### TASK REQUIREMENTS
Print the entries exactly; skip the pictures.

### RECORDS SUPPLIED
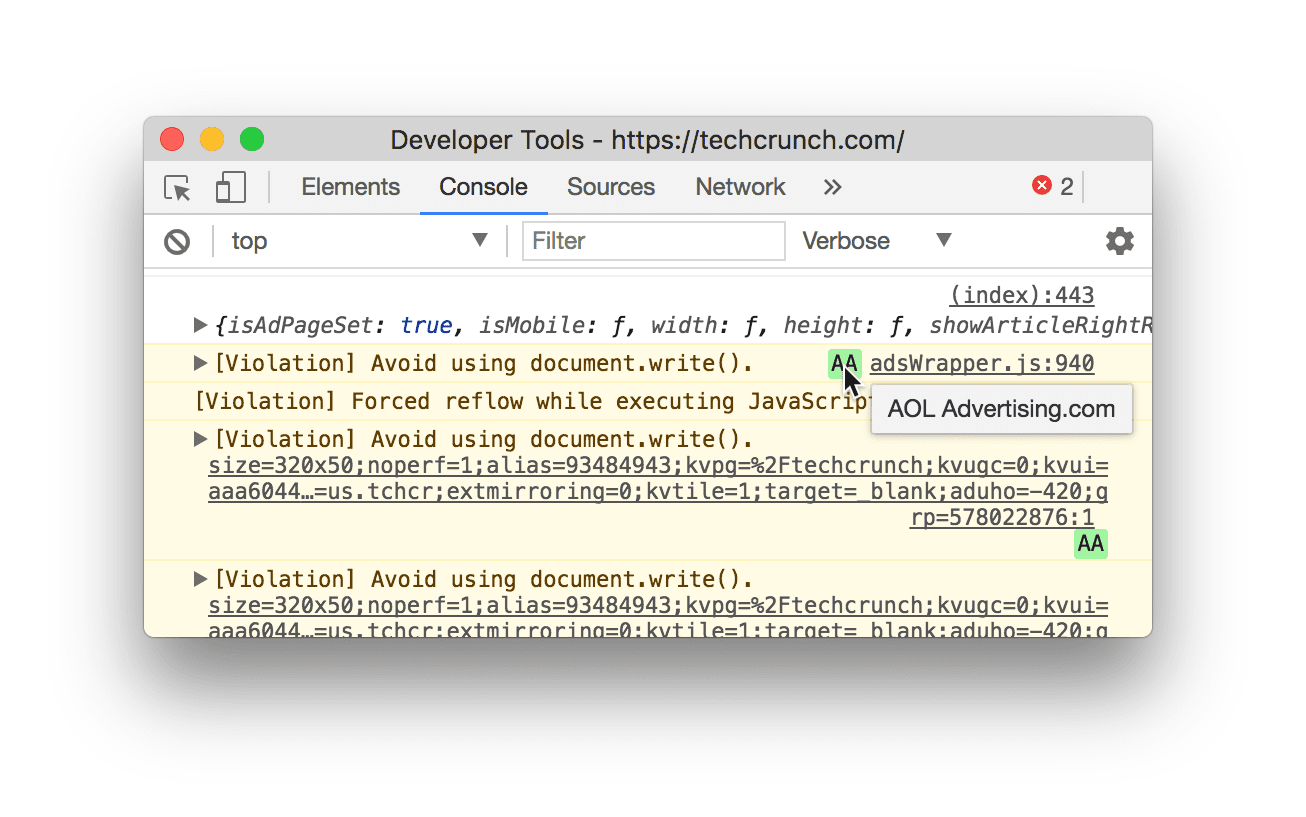 Ostrzeżenia w konsoli DevTools dotyczące naruszeń zasad w przypadku osadzenia kodu zewnętrznego za pomocą document.write()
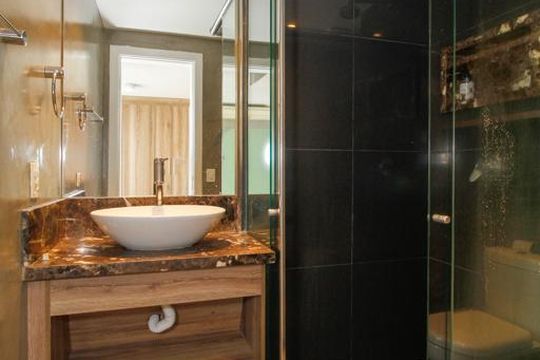 Apartamento para compra, 2 quartos, 1 suíte, closet, mobiliado. — Banheiro da Suíte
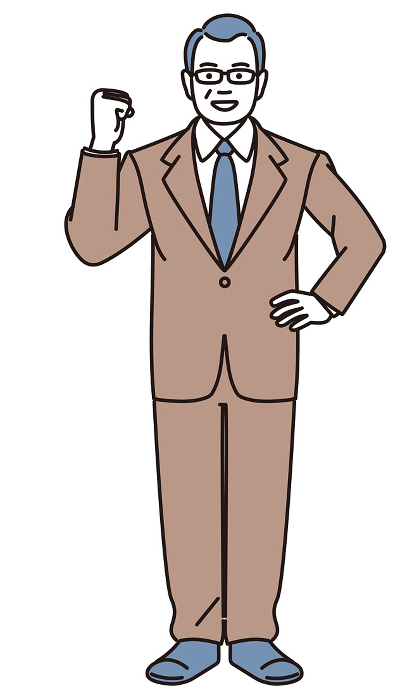 Simple full-body illustration of a middle-aged businessman posing with guts.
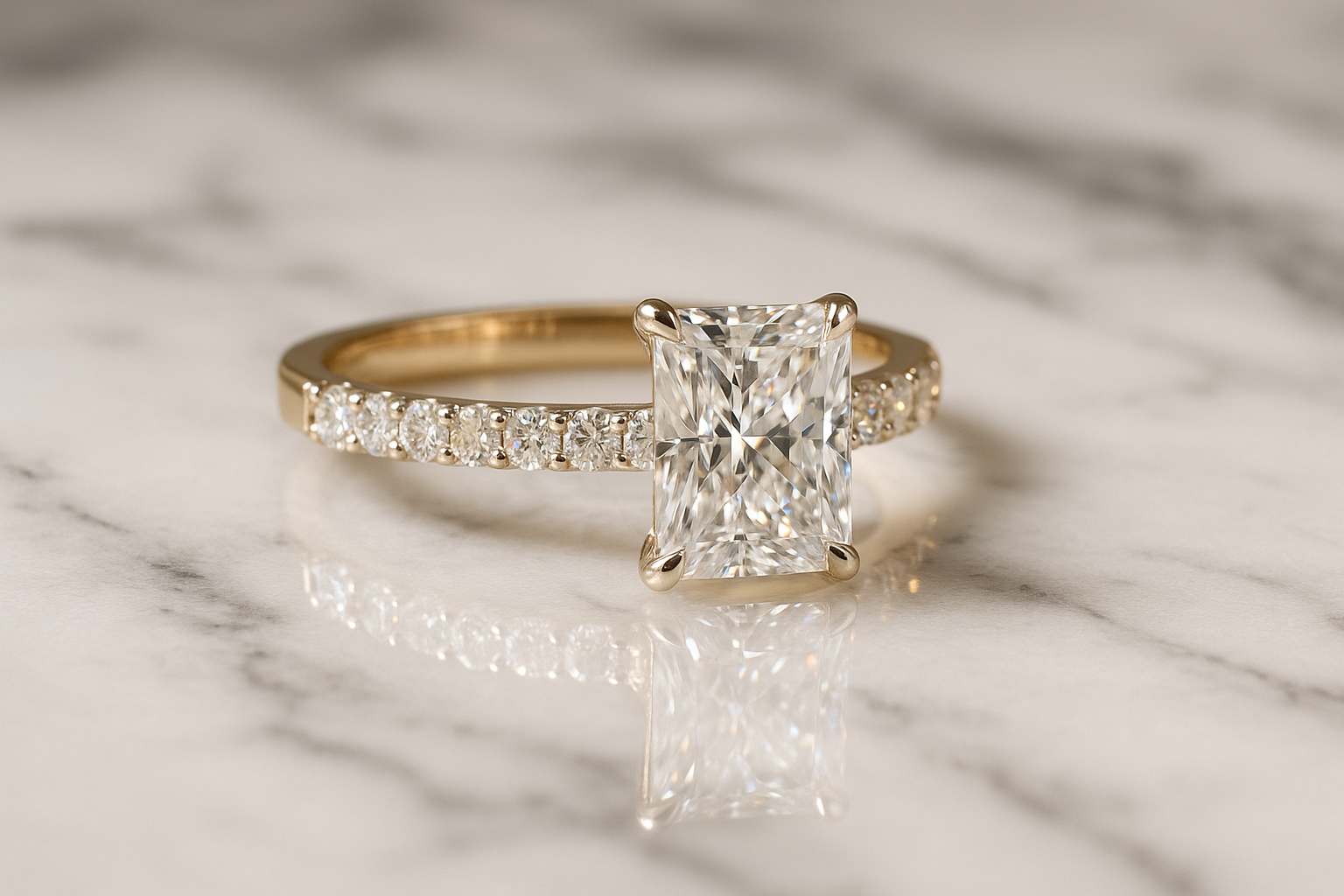 The "Celeste" — 14K Yellow Gold 2-3/4CTW. Certified Radiant-Cut Lab-Grown Diamond Accent Engagement Ring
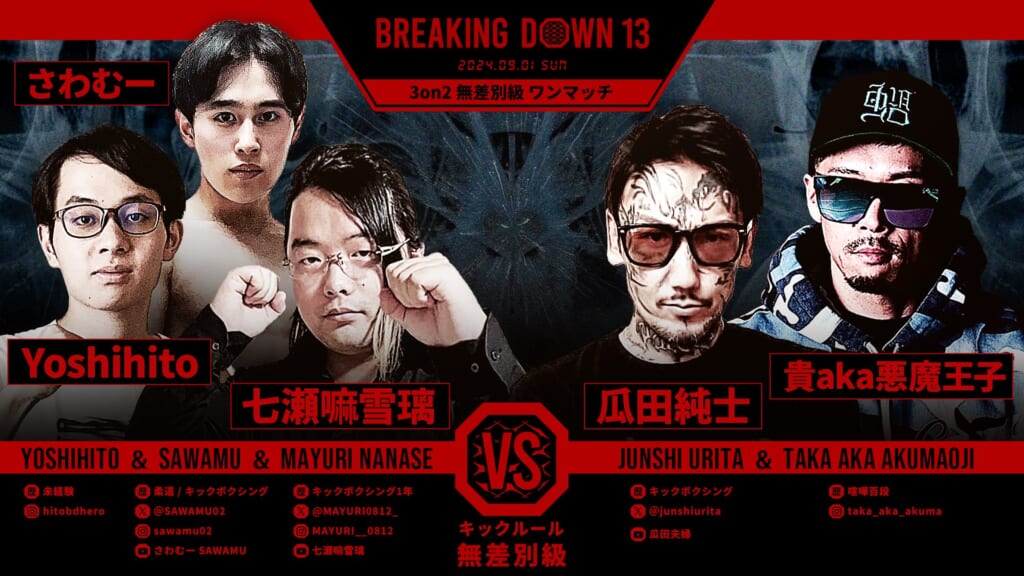 BREAKING DOWN 13
七瀬嘛雪璃・さわむー・Yoshihito vs. 瓜田純士・貴aka悪魔王子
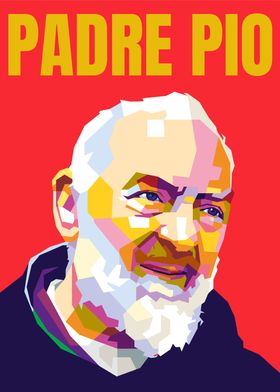 Padre Pio Red Pop Art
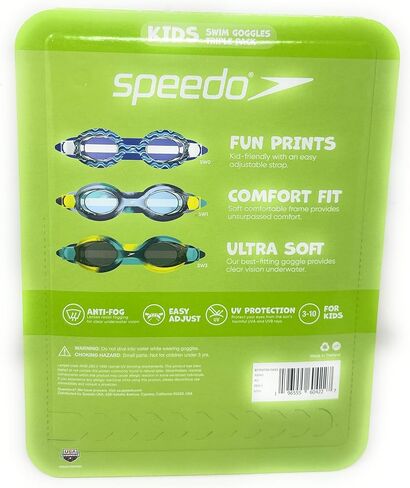 SPEEDO Kids Swim Goggles 3-Pack-ملاءمة مرنة مقاومة للتسرب ، تتراوح أعمارهم بين 3-10 ، نظارات سباحة مريحة ودائمة in Saudi Arabia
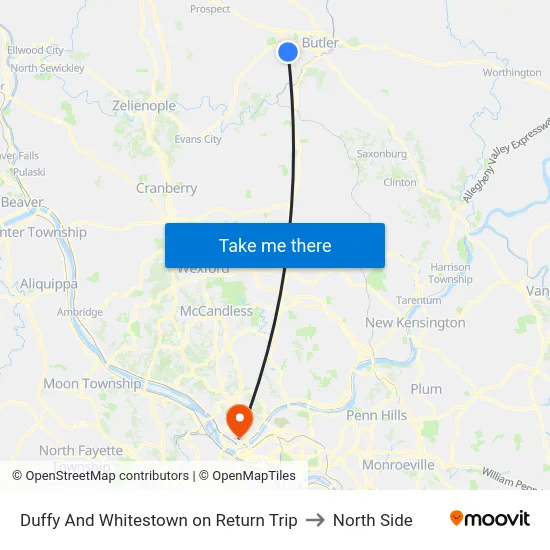 Duffy And Whitestown on Return Trip to North Side map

### ANSWER FOR THE TASK
 Ostrzeżenia w konsoli DevTools dotyczące naruszeń zasad w przypadku osadzenia kodu zewnętrznego za pomocą document.write()
 Apartamento para compra, 2 quartos, 1 suíte, closet, mobiliado. — Banheiro da Suíte
 Simple full-body illustration of a middle-aged businessman posing with guts.
 The "Celeste" — 14K Yellow Gold 2-3/4CTW. Certified Radiant-Cut Lab-Grown Diamond Accent Engagement Ring
 BREAKING DOWN 13
七瀬嘛雪璃・さわむー・Yoshihito vs. 瓜田純士・貴aka悪魔王子
 Padre Pio Red Pop Art
 SPEEDO Kids Swim Goggles 3-Pack-ملاءمة مرنة مقاومة للتسرب ، تتراوح أعمارهم بين 3-10 ، نظارات سباحة مريحة ودائمة in Saudi Arabia
 Duffy And Whitestown on Return Trip to North Side map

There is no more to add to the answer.